We take a look at some of those cutting-edge designers and their contributions.
Iconic movie posters have directly and indirectly contributed to a film’s cultural and thematic trappings. Most of the films that go on to becoming box office triumphs or a cult favorites, owe a lot to the vision of directors and marketing personnel. Saul Bass was legendary in the way that he immediately grasped the link between the two. He brought minimalism into his creations whilst leaving the film’s cinematic essence intact. His design style has inspired and influenced a generation of movie fans and designers.

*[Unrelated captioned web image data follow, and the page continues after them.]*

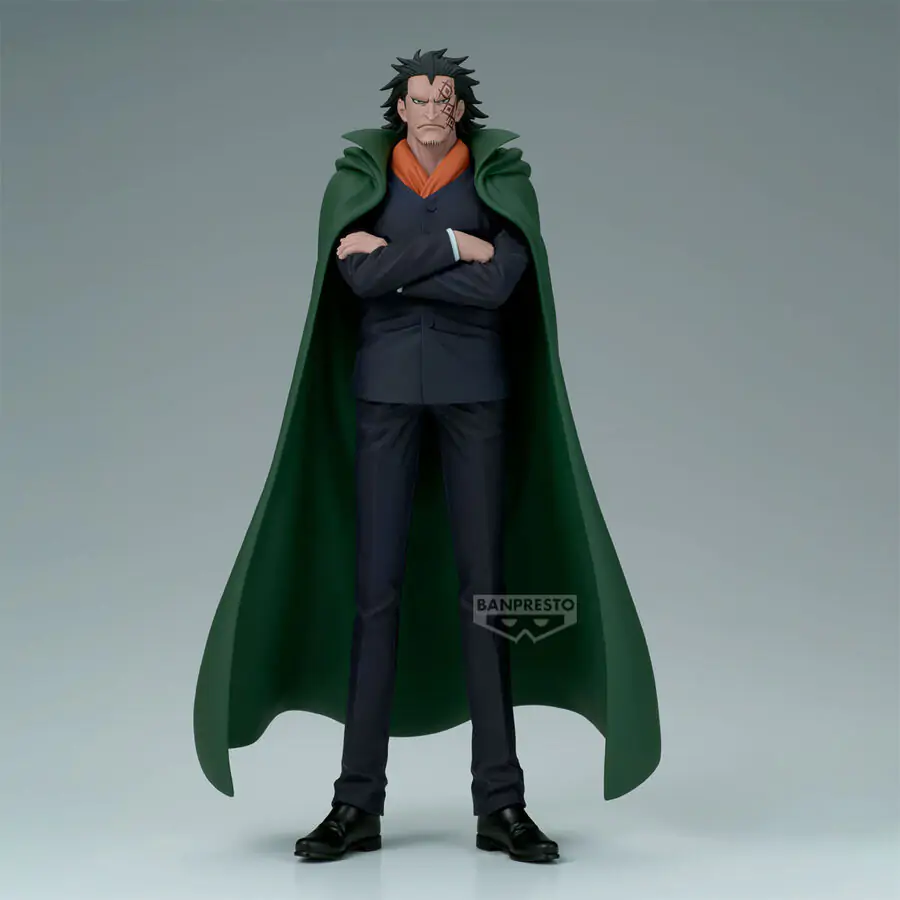 One Piece Monkey.D.Dragon Grandline Series Special figure 20cm product photo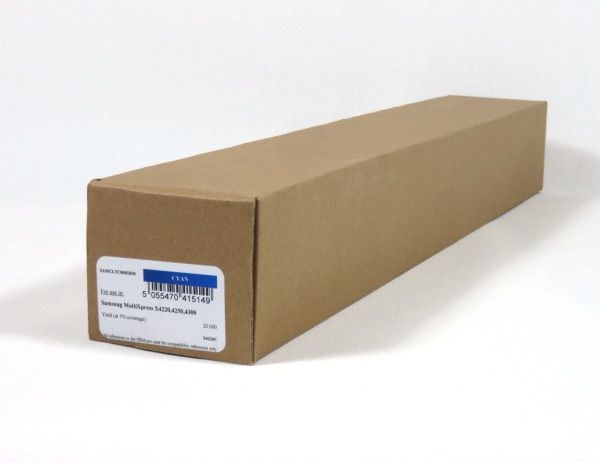 Samsung 4220 4250 4300 Toner Cyan Remanufactured 20K CLTC808SRM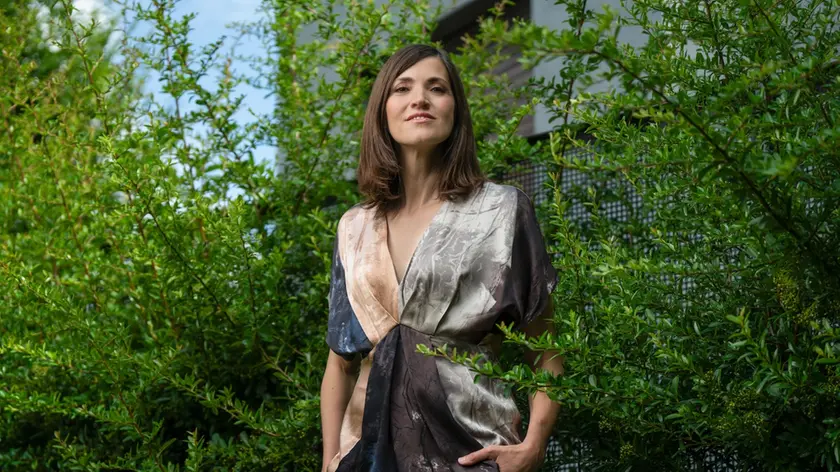 Irene Boni (foto Tommaso Cimarelli)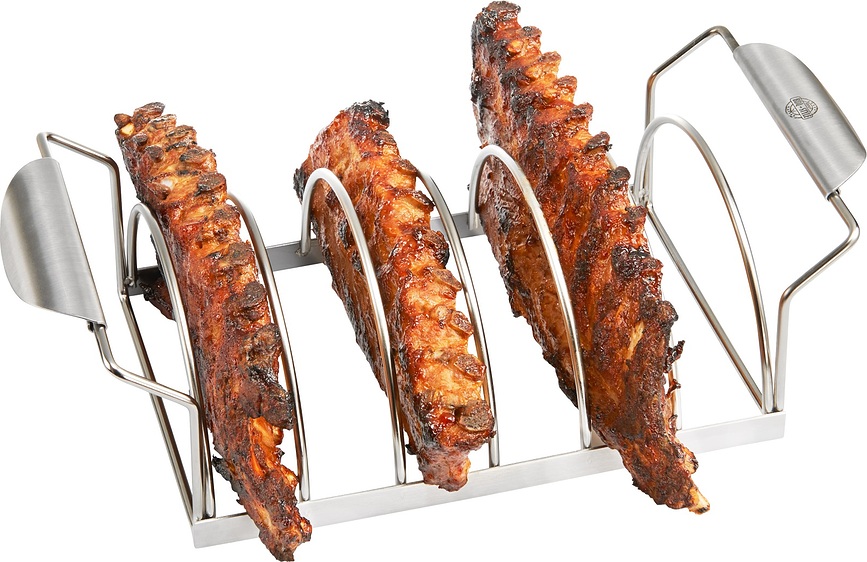 Soporte para costillas Gefu BBQ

Jerry Dior may be no more but his contribution to sports design will continue to live on. Dior was behind the creation of the iconic and enduring MLB baseball logo. It was in 1968 that he came up with the ‘silhouetted batter’ logo as he worked for Sandgren and Murtha in New York. The MLB liked the logo for its simple yet quintessentially American design sensibilities (hello red, blue and white). The logo has served as the MLB’s centerpiece for 46 years and counting. You’d be remiss to find an American who doesn’t recognize the logo straightaway.
There are two things that Masimo Vignelli is most renowned for – the American Airlines logo and the New York subway map. And when he was young, he worked for firms such as JCPenny, Ford, IBM and more in the early 1960s. Many of those brand identities designed by him could go on to be used for decades. His American Airlines logo stayed on for 45 years, until a much-criticized redesign happened recently. As for the map he designed for NY subways, it was deemed controversial in its early years since it wasn’t like the other typical maps. Vignelli tried to forgo size, scale and other standards in place of a visual representation of routes and stops that made sense to the layman. He reinvented the wheel to be fair.
Source: Behance/Chris Do
If you ever wondered where the ubiquitous ‘I ❤ NY’ design came from, then you needn’t look further than Milton Glaser. The logo he designed to promote tourism in New York City has been copied, used and won adoration so many times over that it’s difficult to disconnect the man from his most famous creation. He has also done some stellar work for legendary musician Bob Dylan and the comics powerhouse DC.
Art director of Ray Gun, the influential music and lifestyle magazine, David Carson has single-handed popularized the ‘grunge typography’ design trend. His use of unconventional fonts in otherwise boring-sounding interviews has given typography some much need spotlight. Carson goes with his intuition and gut feeling in design. He is an ardent believer of creating design rules for yourself and not sticking to what everybody else is doing.
Creating the next big design phenomenon isn’t everybody’s forte. Only those who couldn’t care about existing design trends and commercial considerations have managed to introduce new aesthetic styles to the world. These legendary designers have shown the world that things can always be shaken up if the form and function exist harmoniously. As designers, don’t be afraid to go out of your comfort zone. Who knows you might become the next big design stalwart.